(Data entries)
###
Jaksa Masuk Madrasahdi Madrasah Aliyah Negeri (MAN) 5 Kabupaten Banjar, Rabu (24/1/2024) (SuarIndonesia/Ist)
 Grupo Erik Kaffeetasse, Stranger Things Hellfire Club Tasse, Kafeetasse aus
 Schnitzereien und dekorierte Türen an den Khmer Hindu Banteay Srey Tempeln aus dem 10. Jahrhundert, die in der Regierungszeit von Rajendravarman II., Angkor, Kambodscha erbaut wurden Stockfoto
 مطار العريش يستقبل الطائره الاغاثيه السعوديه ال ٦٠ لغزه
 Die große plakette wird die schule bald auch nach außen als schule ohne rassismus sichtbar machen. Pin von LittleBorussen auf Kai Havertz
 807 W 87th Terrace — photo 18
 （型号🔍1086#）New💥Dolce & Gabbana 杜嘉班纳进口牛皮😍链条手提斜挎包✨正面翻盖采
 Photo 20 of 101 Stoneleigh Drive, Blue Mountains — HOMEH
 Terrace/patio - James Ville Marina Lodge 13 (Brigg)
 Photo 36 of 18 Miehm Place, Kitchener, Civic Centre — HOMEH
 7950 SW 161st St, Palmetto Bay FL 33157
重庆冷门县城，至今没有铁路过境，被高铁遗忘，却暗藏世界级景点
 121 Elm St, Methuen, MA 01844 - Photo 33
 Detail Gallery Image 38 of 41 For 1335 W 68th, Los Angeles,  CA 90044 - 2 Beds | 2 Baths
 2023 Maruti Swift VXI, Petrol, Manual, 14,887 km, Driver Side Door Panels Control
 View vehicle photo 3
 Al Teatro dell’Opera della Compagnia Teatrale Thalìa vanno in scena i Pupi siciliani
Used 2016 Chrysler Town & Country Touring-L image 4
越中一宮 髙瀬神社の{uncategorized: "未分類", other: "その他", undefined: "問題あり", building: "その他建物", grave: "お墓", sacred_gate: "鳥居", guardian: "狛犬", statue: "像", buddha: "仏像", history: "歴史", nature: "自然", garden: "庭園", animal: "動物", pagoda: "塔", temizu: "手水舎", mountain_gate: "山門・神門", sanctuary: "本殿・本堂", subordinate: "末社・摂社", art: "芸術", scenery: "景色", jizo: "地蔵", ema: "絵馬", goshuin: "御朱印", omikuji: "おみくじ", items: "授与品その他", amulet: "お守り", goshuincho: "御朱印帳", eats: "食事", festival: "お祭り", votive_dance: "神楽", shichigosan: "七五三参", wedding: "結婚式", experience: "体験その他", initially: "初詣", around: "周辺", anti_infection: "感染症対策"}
###
** YOUR OBJECTIVE **
Copy out every entry again, exactly as it was given.

** RESPONSE TO THE EXERCISE **
Jaksa Masuk Madrasahdi Madrasah Aliyah Negeri (MAN) 5 Kabupaten Banjar, Rabu (24/1/2024) (SuarIndonesia/Ist)
 Grupo Erik Kaffeetasse, Stranger Things Hellfire Club Tasse, Kafeetasse aus
 Schnitzereien und dekorierte Türen an den Khmer Hindu Banteay Srey Tempeln aus dem 10. Jahrhundert, die in der Regierungszeit von Rajendravarman II., Angkor, Kambodscha erbaut wurden Stockfoto
 مطار العريش يستقبل الطائره الاغاثيه السعوديه ال ٦٠ لغزه
 Die große plakette wird die schule bald auch nach außen als schule ohne rassismus sichtbar machen. Pin von LittleBorussen auf Kai Havertz
 807 W 87th Terrace — photo 18
 （型号🔍1086#）New💥Dolce & Gabbana 杜嘉班纳进口牛皮😍链条手提斜挎包✨正面翻盖采
 Photo 20 of 101 Stoneleigh Drive, Blue Mountains — HOMEH
 Terrace/patio - James Ville Marina Lodge 13 (Brigg)
 Photo 36 of 18 Miehm Place, Kitchener, Civic Centre — HOMEH
 7950 SW 161st St, Palmetto Bay FL 33157
重庆冷门县城，至今没有铁路过境，被高铁遗忘，却暗藏世界级景点
 121 Elm St, Methuen, MA 01844 - Photo 33
 Detail Gallery Image 38 of 41 For 1335 W 68th, Los Angeles,  CA 90044 - 2 Beds | 2 Baths
 2023 Maruti Swift VXI, Petrol, Manual, 14,887 km, Driver Side Door Panels Control
 View vehicle photo 3
 Al Teatro dell’Opera della Compagnia Teatrale Thalìa vanno in scena i Pupi siciliani
Used 2016 Chrysler Town & Country Touring-L image 4
越中一宮 髙瀬神社の{uncategorized: "未分類", other: "その他", undefined: "問題あり", building: "その他建物", grave: "お墓", sacred_gate: "鳥居", guardian: "狛犬", statue: "像", buddha: "仏像", history: "歴史", nature: "自然", garden: "庭園", animal: "動物", pagoda: "塔", temizu: "手水舎", mountain_gate: "山門・神門", sanctuary: "本殿・本堂", subordinate: "末社・摂社", art: "芸術", scenery: "景色", jizo: "地蔵", ema: "絵馬", goshuin: "御朱印", omikuji: "おみくじ", items: "授与品その他", amulet: "お守り", goshuincho: "御朱印帳", eats: "食事", festival: "お祭り", votive_dance: "神楽", shichigosan: "七五三参", wedding: "結婚式", experience: "体験その他", initially: "初詣", around: "周辺", anti_infection: "感染症対策"}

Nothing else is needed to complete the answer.